Japan Proposes Region-Wide Free Trade Pact

April 4, 2006
Japan's trade minister, Toshihiro Nikai, on April 4, proposed talks on a region-wide free trade pact in East Asia to group 16 nations in an economic community. The minister of economy, trade and industry said he would propose the talks start in 2008 and ...

Japan's trade minister, Toshihiro Nikai, on April 4, proposed talks on a region-wide free trade pact in East Asia to group 16 nations in an economic community. The minister of economy, trade and industry said he would propose the talks start in 2008 and involve the 10-member Association of Southeast Asian Nations, China, South Korea, India, Australia and New Zealand.

"I want to advocate the idea of an economic partnership linking comprehensive FTAs (free trade agreements) in the whole of East Asia," Nikai told a news conference. The minister said he would put forward the proposal on April 7 at a meeting of the government's policy-setting Council on Economic and Fiscal Policy headed by Prime Minister Junichiro Koizumi.

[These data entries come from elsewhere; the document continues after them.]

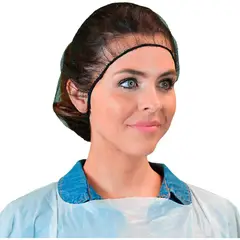 UKAINT - Malla Cofia Cocina Gorro Para Cabello X 100 Und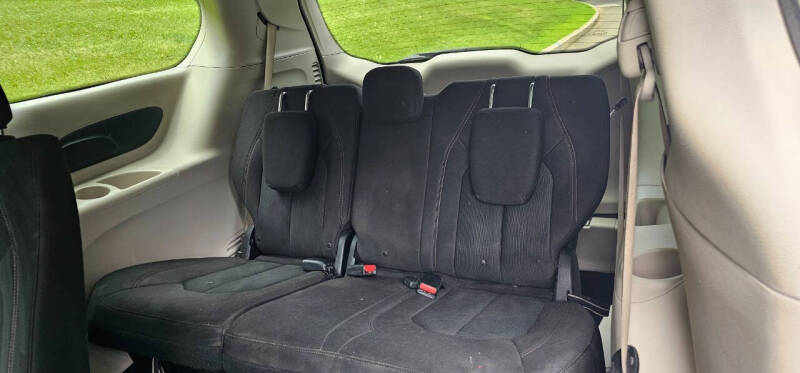 2017 Chrysler Pacifica Touring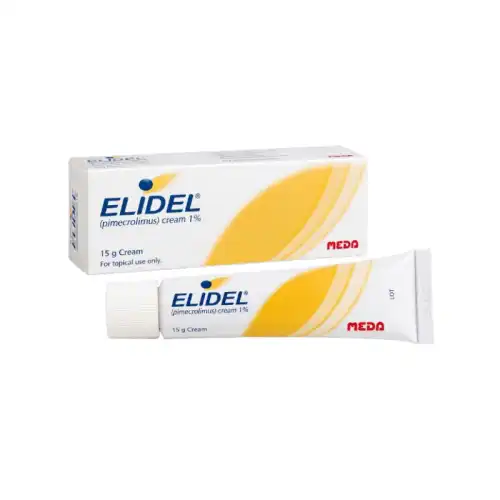 Elidel (Pimecrolimus) 1% Cream 15g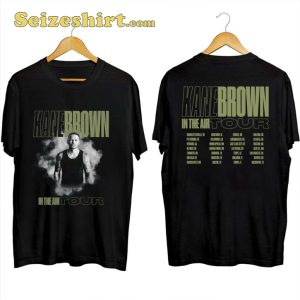 Kane Brown Concert In The Air Tour 2024 T-shirt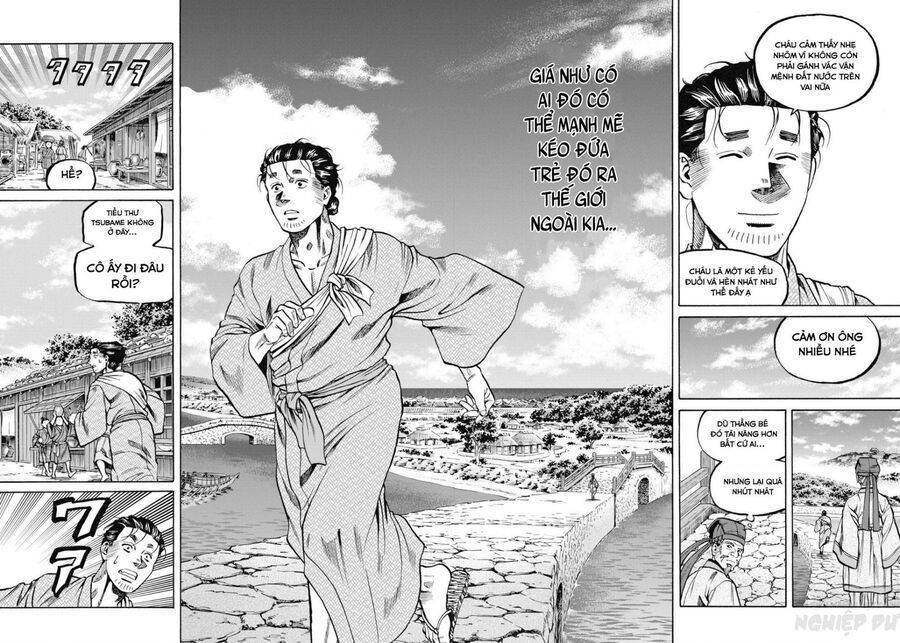 Cướp Biển X Thiếu Nữ Chap 2 - Next Chap 3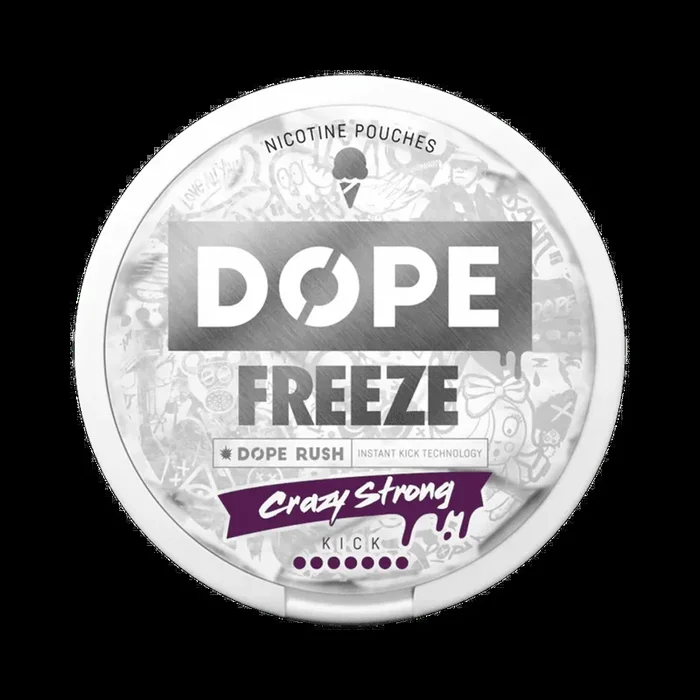 Dope – Nicotine pouche – Freeze – 30mg/g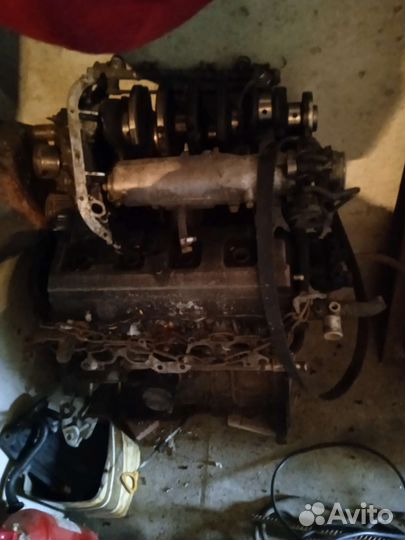 Двигатель Toyota 4s был рабочий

Japan and the 15 other economies comprise the East Asian Summit, which was launched last December in Kuala Lumpur. Japan has been seeking to establish separate FTAs with the ASEAN, China, Australia and other countries in the region.

The envisioned free trade zone, also joined by Hong Kong and Taiwan, could match the EU and the North American Free Trade Agreement in terms of economic scale and effects, with a population of three billion and gross domestic product of about nine trillion dollars.

Nikai also said Japan would propose the establishment of a policy coordinating mechanism in East Asia to be modeled after the Organization for Economic Cooperation and Development (OECD). As a first step, Japan plans to set up a research center with the ASEAN secretariat for policy analysis and proposals early next year, Nikai said.